On the other hand, there is another mitzvah, which, in my point of view, is the most important attitude to adopt during the chag. We must take it into consideration, in order to be able to fulfill it every day of our lives. It is written in the Torah:
- “V’samachta V’Chagecha” (And you will rejoice and celebrate; Deuteronomy 16:14)
- “U’smachtem Lifnei Ad´ Eloheichem Shivat Yamim” (“And you will rejoice before Ad´ your G-d seven days” Leviticus 23:40)
- “V’Haita Ach Sameach” (And you will be truly happy” Deuteronomy 16:15)
This precept appears three times in the sacred texts: Be happy and live this way during the
holiday, and replicate that feeling for all the days of your life.
The mitzvah of
simcha (joy) is so important that
it gives Sukkot its second name: Zman Simchatenu,
the time of our joy. Already in the holiday’s name we are being asked to fulfill this mitzvah we
so often put aside, one that could be so good for us. Sukkot is a time for rejoicing and pleasure, a time for sharing as a family and community, a period of eight days of true happiness after having gone through the difficult trials and tests of Yom Kippur.
But we live in a complicated world, and it’s reasonable to ask ourselves: How can I be happy
in the midst of so much crisis?
It is written in the Mishnah, Pirkei Avot 4:1: “Ben Zoma says: […] Who is rich? The one who
is happy with his portion.” We must be able to recognize our wealth day by day and celebrate the things that make us happy.
When I talk about wealth, it’s not about how much money we have in the bank or how many times
we travel on vacation to Disney World. It’s about being able to appreciate and value those little things we have at home: A family to share life with, friends with whom we can enjoy happy moments and know we can count on for those difficult ones, and good health
that helps us face each of the obstacles that arise in life and enjoy each new challenge we encounter on our daily walk.
Living my life within the framework of community, through my work as a rabbi, allows me to experience in a more direct way the joy that is lived in a chag.
That’s what being rich is about, as the Mishnah says, and being able to recognize this wealth
is what will really make us happy.
Living my life within the framework of community, through my work as a rabbi, allows me to experience
in a more direct way the joy that is lived in a chag.
And when you think about how all this helps your own spirituality? It’s fantastic.
I really do consider myself a rich person, not only because I have a beautiful family, friends, and a job doing something I love. My sense of spiritual wealth also comes from my participation in the Kaplan Leadership Initiative, a JDC global program for promising Jewish professionals.

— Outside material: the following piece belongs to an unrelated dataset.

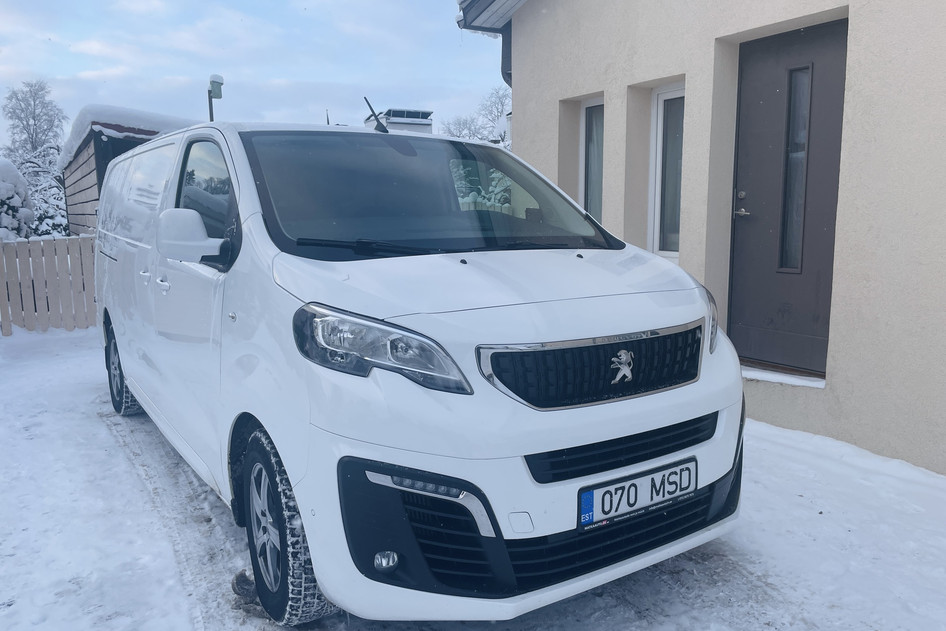 Peugeot Expert, 2018, 2.0, 90 kW, дизель, механическая, передний привод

We come from Europe, the former Soviet Union (FSU) and Latin America to learn together and learn from each other, as we represent a vibrant and diverse modern Jewish world. We get access to essential, efficient, and up-to-date tools that help us grow personally and professionally, and then bring this wonderful experience to our home communities to make a difference.
Sukkot invites us to reflect on the question of precisely who is rich. We all must dwell in
the sukkah for eight days, an extremely
fragile place where, if it rains, we’ll get wet, and if it’s a 30-degrees Celsius day, we’ll be hot, because it’s difficult to put an air conditioning system inside a sukkah.
We are only able to live with simplicity, sharing our traditions with friends and family. All
the true joy of the chag comes
for free, and it makes us happy, fulfilling the very important mitzvah of
this holiday, our season of rejoicing. Sukkot leaves us with a message we can apply to every day of our lives.
Being happy and cheerful all the time allows us to see life in a more optimistic way, even as
we clearly see all those obstacles that stand in our way. Though it isn’t easy to remain constantly happy, if we could appreciate the little things we have, surely we can achieve it.
May G-d allow us this Sukkot to learn to be truly happy, and thus, richly live out all the days
of our life.
Rabbi Ari Oliszewski is a Kaplan Leadership Fellow and the spiritual leader of the União Israelita Porto Alegrense synagogue in Porto Alegre, Brazil.